We rationalize this difference by highlighting the role of porous structure. If the pore size is below a critical size, $\text{CaCO}_3$ is trapped and quickly consumed in the pore where it precipitates, so the density at the reaction front is thus the minimum in the system. As a result, mass transfer is dominated by buoyancy-driven convection above the reaction front, and by molecular diffusion beneath the front. Decreasing permeability results in quick compromise of convection but mild change in diffusion. Therefore, in low permeability condition, convection above the front limits the dissolution rate, resulting in a proportional U - k correlation. In contrast, when permeability is high, diffusion beneath the front becomes the limiting factor of dissolution, resulting in a sublinear the U - k correlation.
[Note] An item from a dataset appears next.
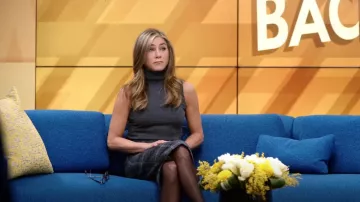 The Row Becca Cashmere Turtleneck worn by Alex Levy (Jennifer Aniston) as seen in The Morning Show (S02E04)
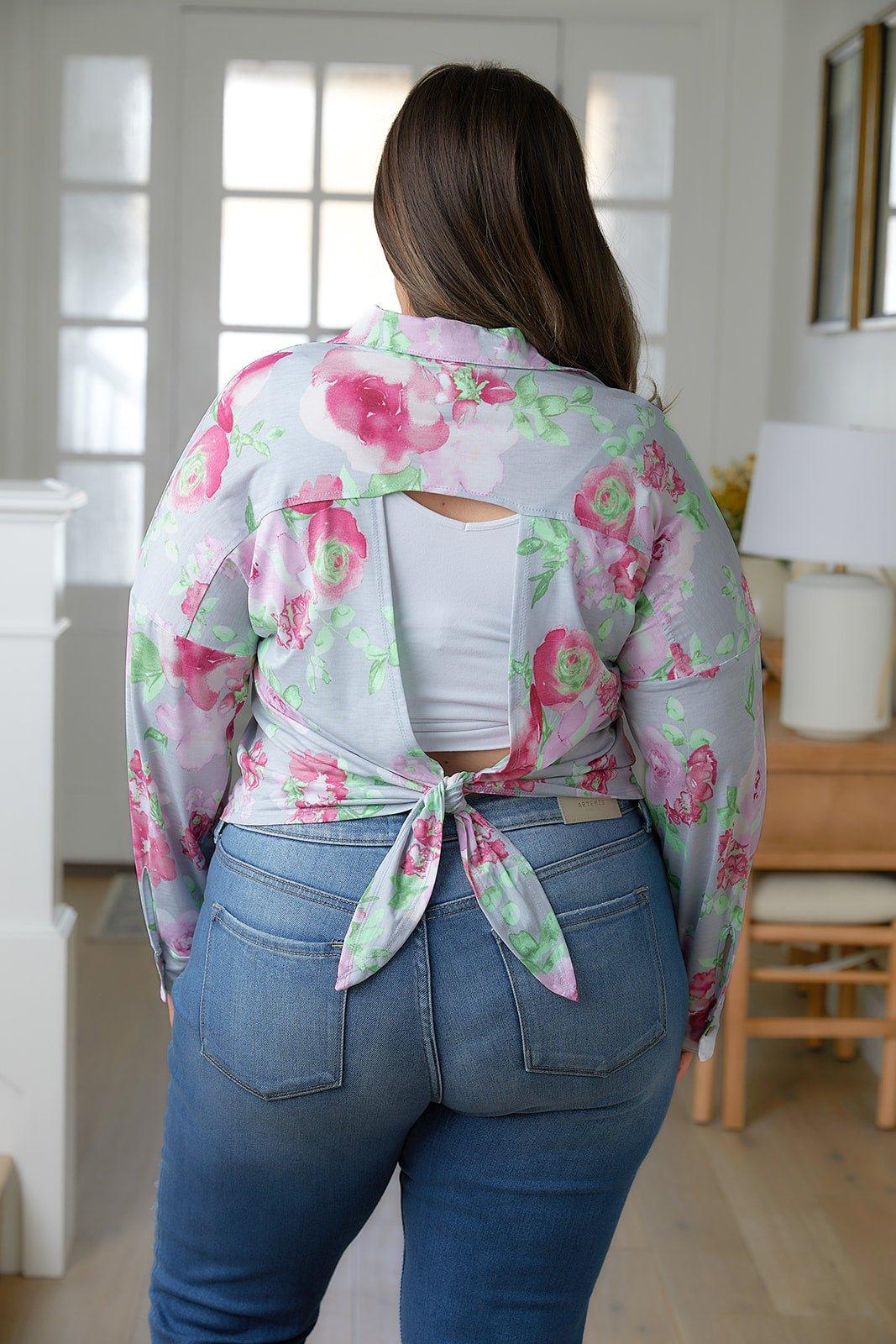 Thinking On It Open Back Floral Top - AS5703-01 - Love it Curvy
In addition, at extremely high permeability with large pore, precipitated $\text{CaCO}_3$ is no longer trapped in the pore and complicates the dissolution kinetics.
We further implement same experiments but using DI water instead of $\text{Ca(OH)}_2$ solution, in which case dissolution is completely governed by buoyancy-driven convection. As expected, U in this precipitation-free system keeps linearly correlated to k, without sublinear segment in large k regime. It thus highlights the key role of $\text{CaCO}_3$ precipitation in high-permeability scenario.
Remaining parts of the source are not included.